For this exercise, retype the lines from the one that holds "Gucci Black Leather" through the one that holds "Salircon Vintage Exquisite" in the records below, both included, exactly and without pictures.

START Dataset excerpts

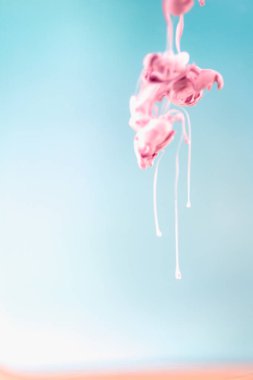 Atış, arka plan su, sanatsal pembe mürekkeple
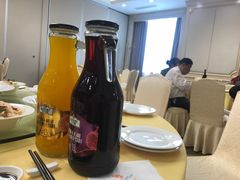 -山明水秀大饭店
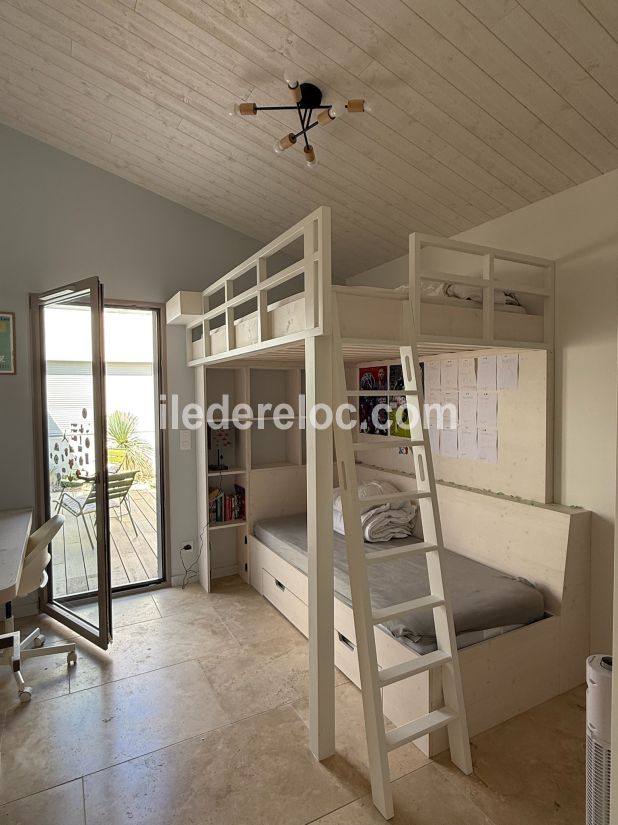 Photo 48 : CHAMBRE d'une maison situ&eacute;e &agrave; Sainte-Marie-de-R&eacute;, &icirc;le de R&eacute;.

END Dataset excerpts
START Dataset excerpts

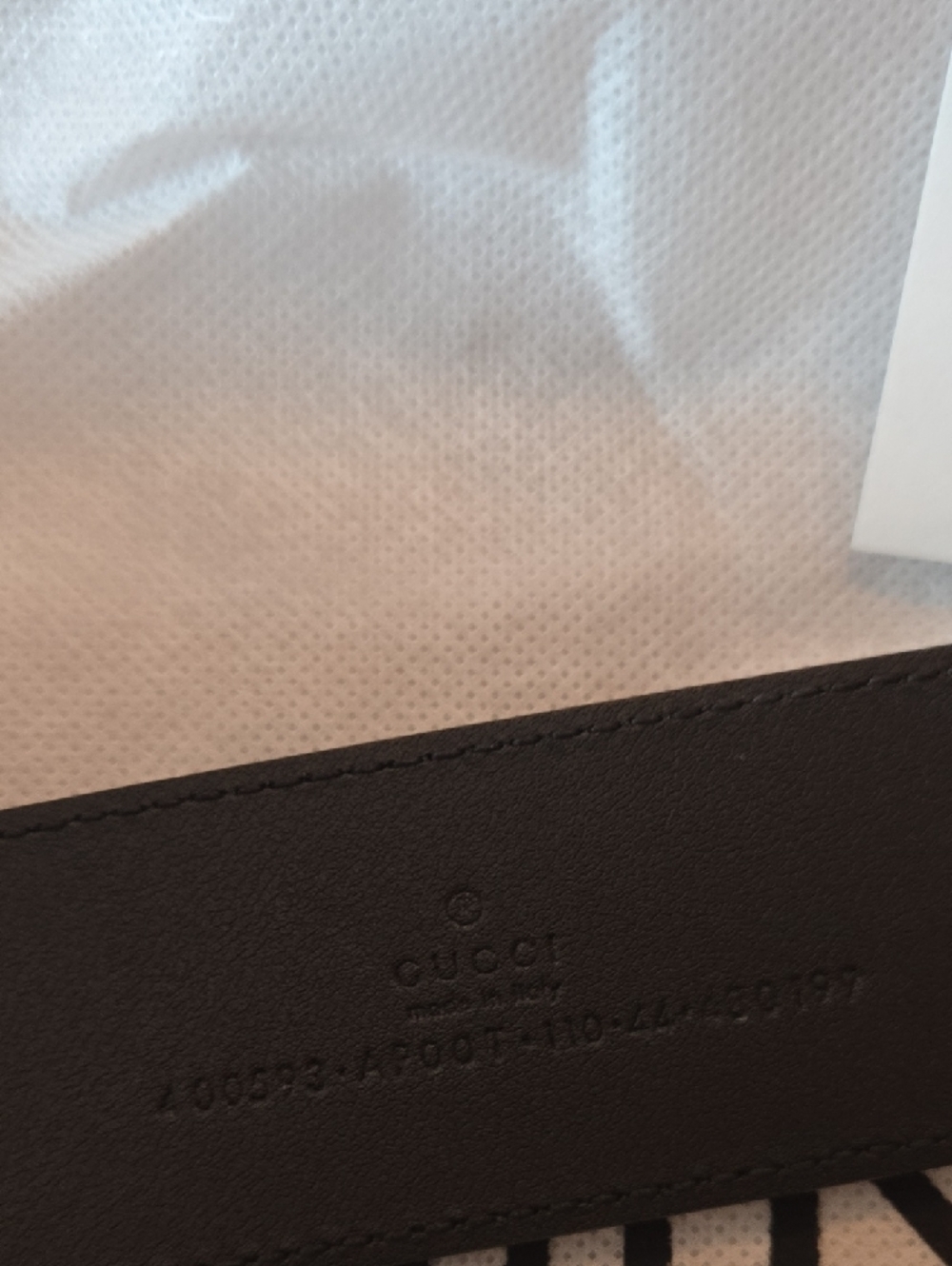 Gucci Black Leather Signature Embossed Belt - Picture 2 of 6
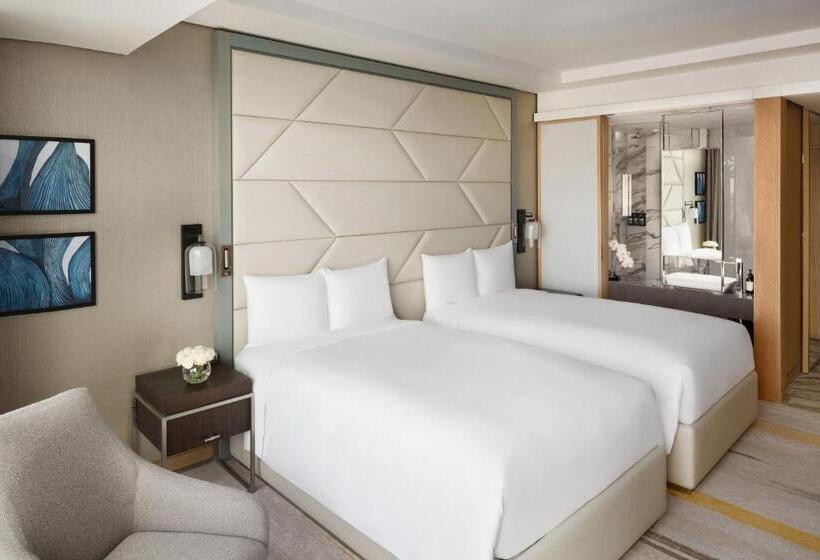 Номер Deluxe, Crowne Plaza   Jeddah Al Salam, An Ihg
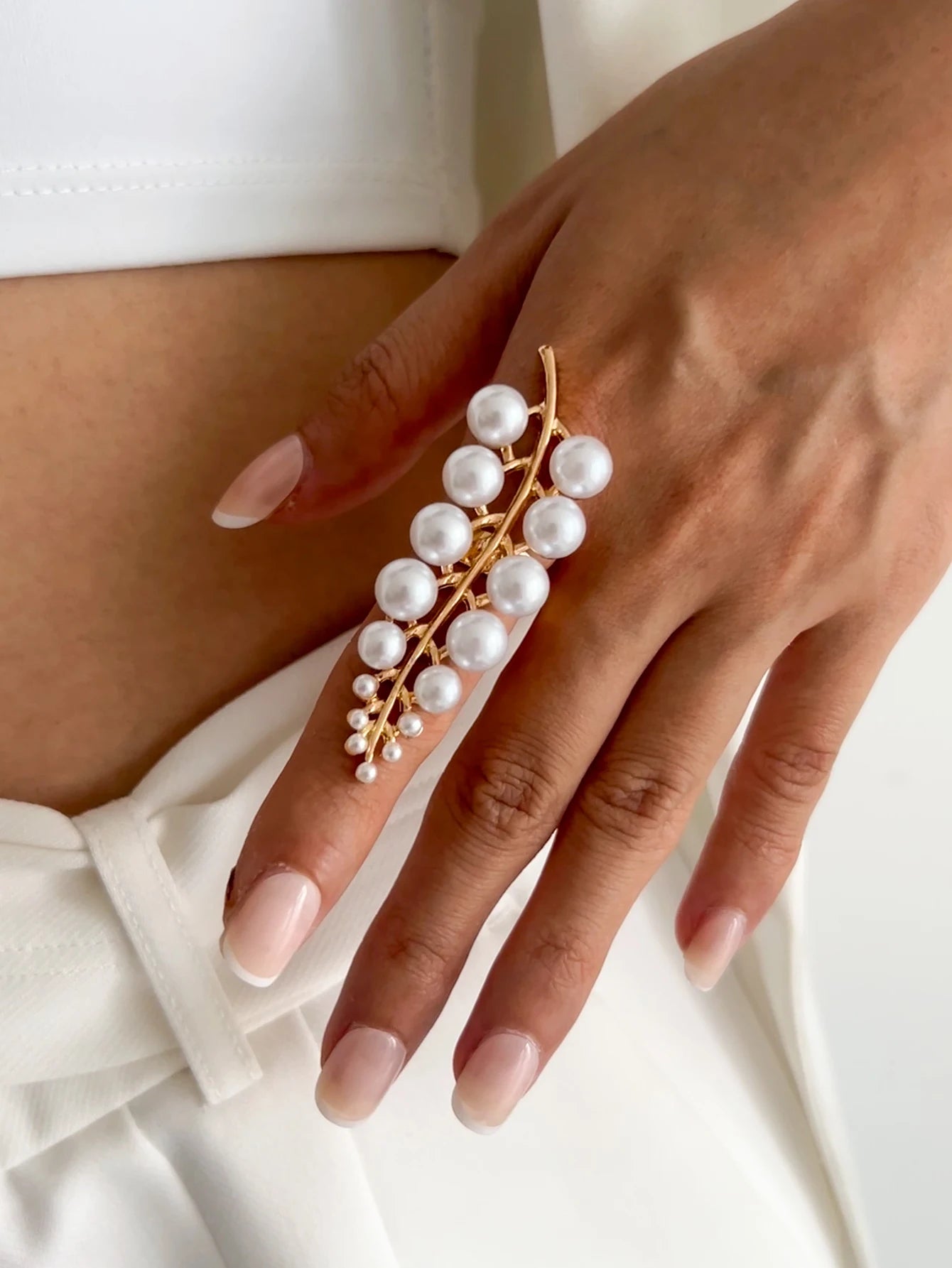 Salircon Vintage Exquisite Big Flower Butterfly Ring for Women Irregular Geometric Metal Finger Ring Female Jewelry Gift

END Dataset excerpts

## Task answer:
 Gucci Black Leather Signature Embossed Belt - Picture 2 of 6
 Номер Deluxe, Crowne Plaza   Jeddah Al Salam, An Ihg
 Salircon Vintage Exquisite Big Flower Butterfly Ring for Women Irregular Geometric Metal Finger Ring Female Jewelry Gift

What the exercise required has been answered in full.